> Task
Word for word, retype the lines from the one containing "臺灣出貨 磨刀神器 磨刀石 8000目磨刀石 雙面磨刀 白剛玉 快速開刃 砥石" to the one containing "При растворении 25" below, keeping both end lines and dropping the pictures.

┌─ Input data

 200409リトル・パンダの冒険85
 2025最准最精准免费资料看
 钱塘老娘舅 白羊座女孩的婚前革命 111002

└─
┌─ Input data

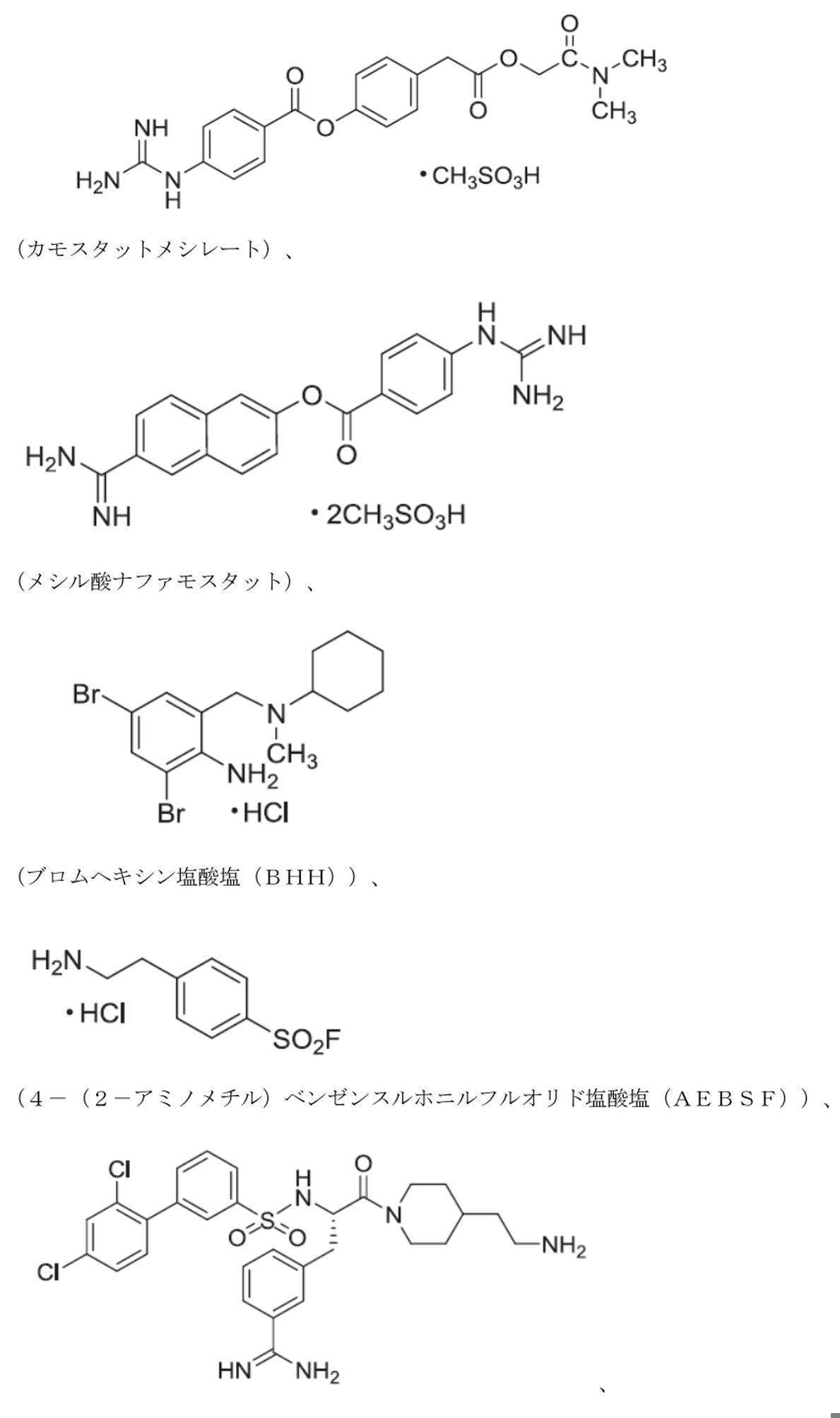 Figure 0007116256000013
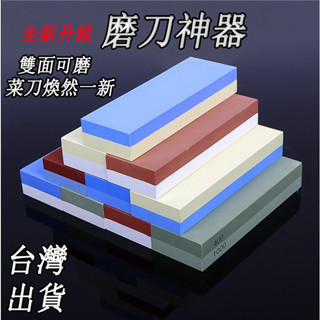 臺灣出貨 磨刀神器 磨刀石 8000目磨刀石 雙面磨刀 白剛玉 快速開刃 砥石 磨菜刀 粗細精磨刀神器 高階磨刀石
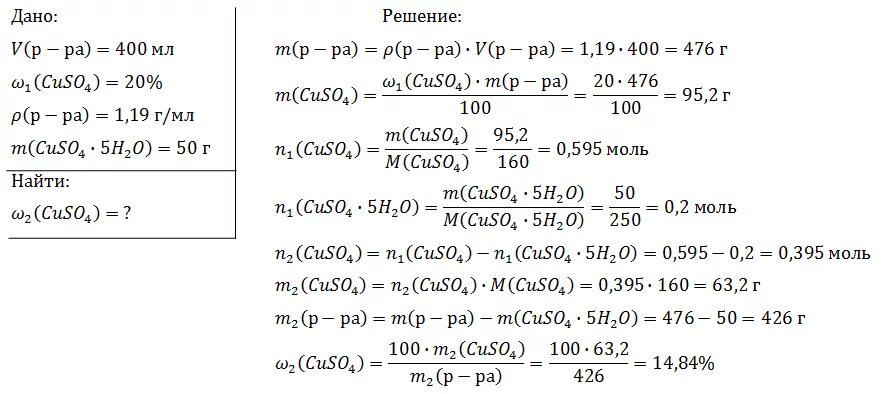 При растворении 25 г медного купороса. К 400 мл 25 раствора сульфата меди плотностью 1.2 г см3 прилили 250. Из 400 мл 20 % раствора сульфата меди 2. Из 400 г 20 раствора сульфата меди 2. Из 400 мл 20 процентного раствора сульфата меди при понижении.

└─
┌─ Input data

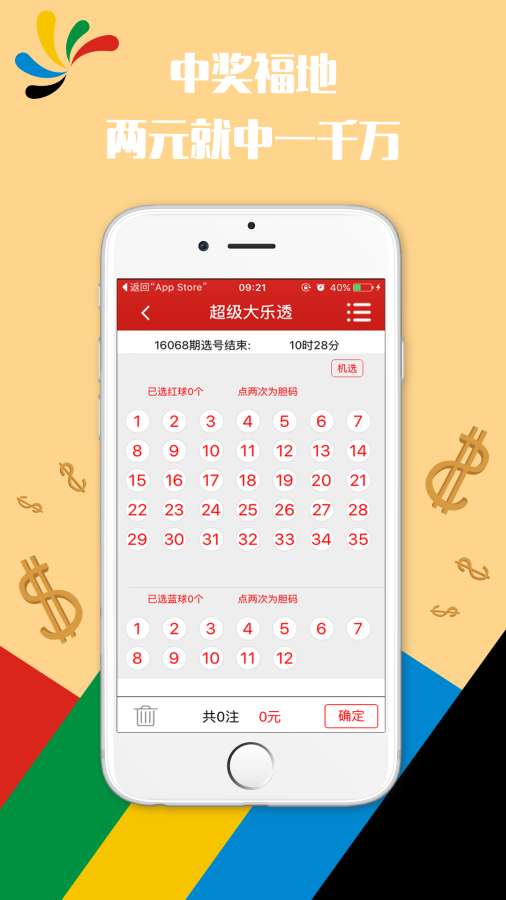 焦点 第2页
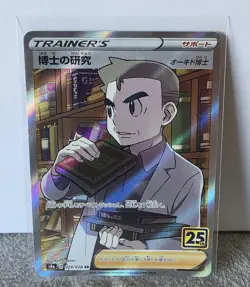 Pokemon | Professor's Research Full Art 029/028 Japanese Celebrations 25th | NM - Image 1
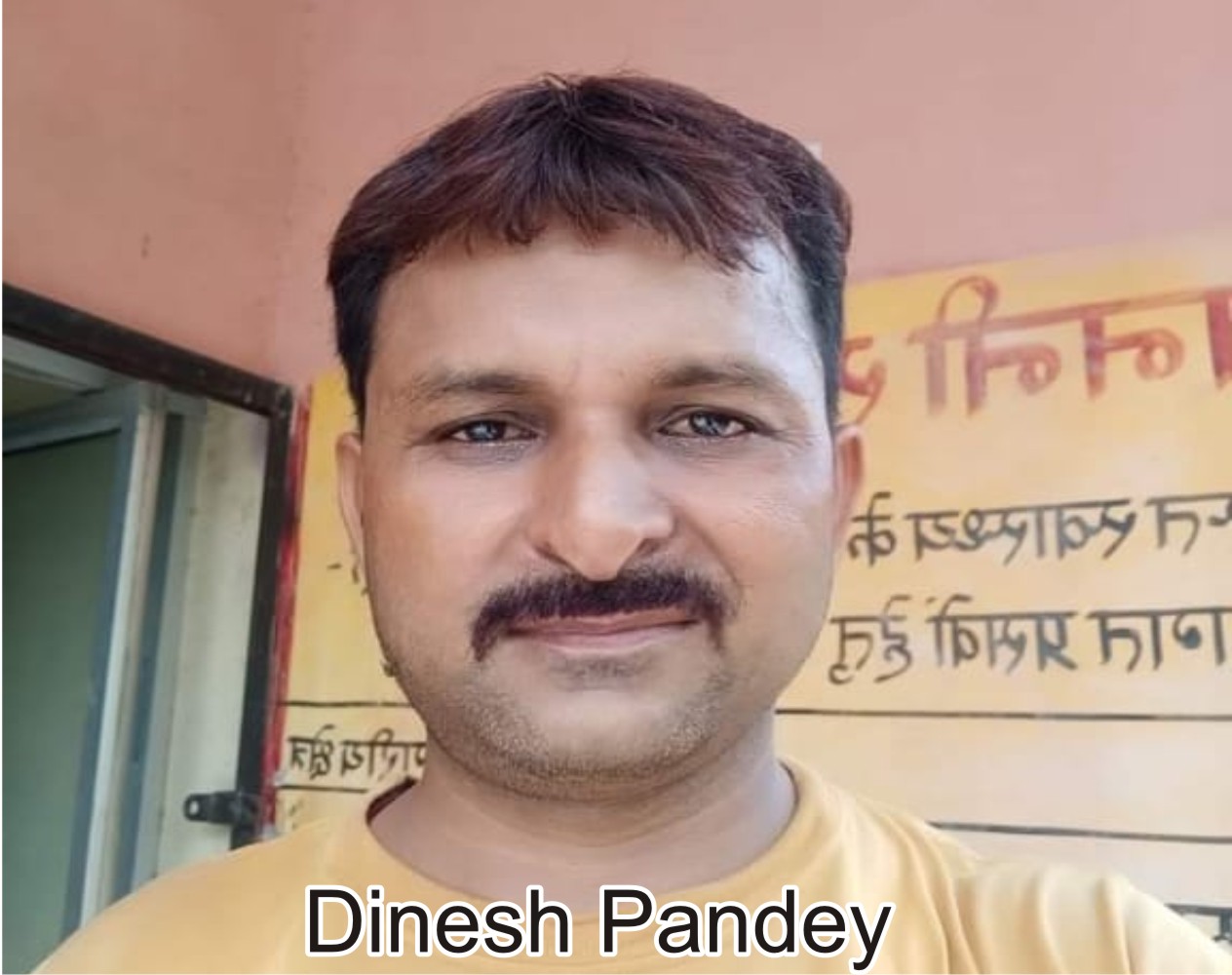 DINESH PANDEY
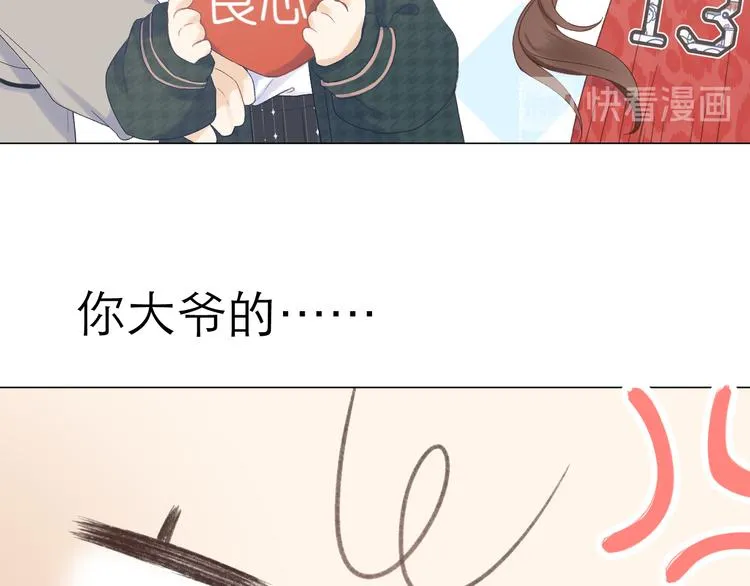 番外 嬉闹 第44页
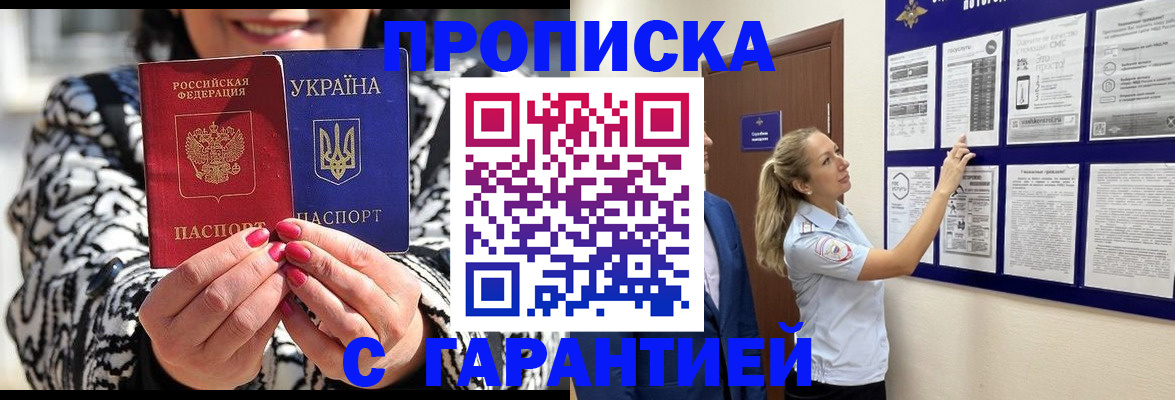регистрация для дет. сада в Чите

└─

> Output below
 臺灣出貨 磨刀神器 磨刀石 8000目磨刀石 雙面磨刀 白剛玉 快速開刃 砥石 磨菜刀 粗細精磨刀神器 高階磨刀石
 При растворении 25 г медного купороса. К 400 мл 25 раствора сульфата меди плотностью 1.2 г см3 прилили 250. Из 400 мл 20 % раствора сульфата меди 2. Из 400 г 20 раствора сульфата меди 2. Из 400 мл 20 процентного раствора сульфата меди при понижении.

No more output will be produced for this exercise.